Does anyone have know of a manufacturer of Thermoelectric Generation units designed to be used with wood stoves, and or biomass stoves?


----------



## webbie (Jun 1, 2007)

Did you see this thread?
https://www.hearth.com/econtent/index.php/forums/viewthread/7926/
Years ago there were some very small modules I saw in a magazine which claimed to produce some power. However, I have not seen them since.

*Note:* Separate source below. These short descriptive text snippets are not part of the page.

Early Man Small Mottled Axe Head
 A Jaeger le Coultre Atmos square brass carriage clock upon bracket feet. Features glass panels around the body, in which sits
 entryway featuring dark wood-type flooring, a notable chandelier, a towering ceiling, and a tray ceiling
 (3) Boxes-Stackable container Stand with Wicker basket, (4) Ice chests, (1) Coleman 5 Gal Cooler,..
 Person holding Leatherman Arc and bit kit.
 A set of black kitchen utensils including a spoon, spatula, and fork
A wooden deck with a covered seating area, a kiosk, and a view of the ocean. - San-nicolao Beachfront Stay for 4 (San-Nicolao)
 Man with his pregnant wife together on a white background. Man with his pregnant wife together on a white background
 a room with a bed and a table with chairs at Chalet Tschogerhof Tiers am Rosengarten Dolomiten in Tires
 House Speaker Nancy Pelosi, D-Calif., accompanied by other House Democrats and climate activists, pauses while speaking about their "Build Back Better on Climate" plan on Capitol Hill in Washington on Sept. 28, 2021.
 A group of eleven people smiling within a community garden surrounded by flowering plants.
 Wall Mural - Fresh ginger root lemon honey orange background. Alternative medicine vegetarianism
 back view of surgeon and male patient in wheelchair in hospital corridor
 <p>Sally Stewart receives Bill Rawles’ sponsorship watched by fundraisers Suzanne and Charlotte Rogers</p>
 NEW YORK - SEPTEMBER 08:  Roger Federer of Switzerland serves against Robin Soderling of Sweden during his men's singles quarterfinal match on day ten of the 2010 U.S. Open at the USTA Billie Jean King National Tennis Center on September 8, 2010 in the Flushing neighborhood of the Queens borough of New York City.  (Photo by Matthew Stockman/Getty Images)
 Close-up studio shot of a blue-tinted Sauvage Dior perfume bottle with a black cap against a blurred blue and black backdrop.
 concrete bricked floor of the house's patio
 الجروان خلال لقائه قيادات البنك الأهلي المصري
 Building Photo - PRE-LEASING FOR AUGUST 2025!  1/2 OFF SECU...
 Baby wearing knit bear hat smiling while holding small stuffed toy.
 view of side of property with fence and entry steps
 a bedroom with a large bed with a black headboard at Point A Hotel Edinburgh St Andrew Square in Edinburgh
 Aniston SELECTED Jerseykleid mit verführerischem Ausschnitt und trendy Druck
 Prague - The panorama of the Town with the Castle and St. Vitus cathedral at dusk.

Let us know if you find anything exciting on this subject.


----------



## begreen (Jun 4, 2007)

Here's an interesting development that may eventually connect to wood stove heat:
http://www.sciencedaily.com/releases/2007/06/070603225026.htm


----------



## Andre B. (Jun 4, 2007)

Here is a place you can get the thermoelectric modules $$$, they have some application info.
http://hi-z.com/

This guy has put together a nice collection of old info on thermoelectric devices.
http://www.dself.dsl.pipex.com/MUSEUM/POWER/thermoelectric/thermoelectric.htm

He also has a lot more info on other old stuff.
http://www.dself.dsl.pipex.com/MUSEUM/museum.htm


BeGreen, one thing I find sadly lacking in much writing on science and engineering today is articles like this one where not one mention was made of the dude who first discovered this thermo acoustic phenomenon in 1859, on which this work is based.
For some reason that always bugs me, especially with the web now days, back when I took tech writing one actually had to go the library and/or dial a phone and talk to people.
http://en.wikipedia.org/wiki/Rijke_tube

The thermal to sound part is easy to build if you want to make large pipe organ sounds for the neighbors.
http://www.fysikbasen.dk/Referencemateriale/PDFartikler/ResonanceJan2003p59-71.pdf

This page has a sound file (loads automatically) of a larger tube heating up and cooling off.
http://physicscourses.okstate.edu/ackerson/museum/Rijlke.htm

Many here have had or seen stoves that would sometimes go into a rapid pulsing burn that in extreme cases would shake the pipes apart, the Rijke tube phenomenon goes a long way to explaining what is happening.


----------



## Andre B. (Jun 5, 2007)

Somewhat related post in another thread.
https://www.hearth.com/econtent/index.php/forums/viewreply/92271/


----------



## begreen (Jun 6, 2007)

Hey Andre, I contacted the author of the original Univ of Utah article and he thanked me for the info and wished he knew about it beforehand. I haven't responded, but the thought does come to mind that perhaps next time he could do a little research ahead of time?


----------